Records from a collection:
_ _ _
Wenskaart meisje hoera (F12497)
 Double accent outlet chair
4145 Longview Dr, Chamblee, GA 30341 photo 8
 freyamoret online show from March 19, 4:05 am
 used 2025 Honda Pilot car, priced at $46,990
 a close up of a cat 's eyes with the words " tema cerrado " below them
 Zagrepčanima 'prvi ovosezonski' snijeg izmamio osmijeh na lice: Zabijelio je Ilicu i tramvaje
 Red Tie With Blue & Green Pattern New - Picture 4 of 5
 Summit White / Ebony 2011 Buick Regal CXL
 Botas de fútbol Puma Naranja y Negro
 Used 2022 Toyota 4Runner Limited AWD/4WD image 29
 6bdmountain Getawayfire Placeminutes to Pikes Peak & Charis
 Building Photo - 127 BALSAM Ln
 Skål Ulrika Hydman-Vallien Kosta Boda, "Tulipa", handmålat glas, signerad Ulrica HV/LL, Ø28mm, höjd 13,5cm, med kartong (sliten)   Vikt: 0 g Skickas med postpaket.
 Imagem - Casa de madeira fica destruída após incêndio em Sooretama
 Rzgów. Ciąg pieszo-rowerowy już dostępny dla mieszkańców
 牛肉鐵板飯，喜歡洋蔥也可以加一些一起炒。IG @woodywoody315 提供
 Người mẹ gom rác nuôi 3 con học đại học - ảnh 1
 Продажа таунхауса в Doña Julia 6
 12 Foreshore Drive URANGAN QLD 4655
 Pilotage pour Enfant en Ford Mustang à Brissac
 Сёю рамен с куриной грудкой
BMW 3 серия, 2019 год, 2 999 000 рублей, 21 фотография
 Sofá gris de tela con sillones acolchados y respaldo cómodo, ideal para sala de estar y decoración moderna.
_ _ _
Repeat only what lies between the first line of the data and the line containing "牛肉鐵板飯，喜歡洋蔥也可以加一些一起炒。IG @woodywoody315 提供", both of those lines included, exactly as it stands.

## Written reply
Wenskaart meisje hoera (F12497)
 Double accent outlet chair
4145 Longview Dr, Chamblee, GA 30341 photo 8
 freyamoret online show from March 19, 4:05 am
 used 2025 Honda Pilot car, priced at $46,990
 a close up of a cat 's eyes with the words " tema cerrado " below them
 Zagrepčanima 'prvi ovosezonski' snijeg izmamio osmijeh na lice: Zabijelio je Ilicu i tramvaje
 Red Tie With Blue & Green Pattern New - Picture 4 of 5
 Summit White / Ebony 2011 Buick Regal CXL
 Botas de fútbol Puma Naranja y Negro
 Used 2022 Toyota 4Runner Limited AWD/4WD image 29
 6bdmountain Getawayfire Placeminutes to Pikes Peak & Charis
 Building Photo - 127 BALSAM Ln
 Skål Ulrika Hydman-Vallien Kosta Boda, "Tulipa", handmålat glas, signerad Ulrica HV/LL, Ø28mm, höjd 13,5cm, med kartong (sliten)   Vikt: 0 g Skickas med postpaket.
 Imagem - Casa de madeira fica destruída após incêndio em Sooretama
 Rzgów. Ciąg pieszo-rowerowy już dostępny dla mieszkańców
 牛肉鐵板飯，喜歡洋蔥也可以加一些一起炒。IG @woodywoody315 提供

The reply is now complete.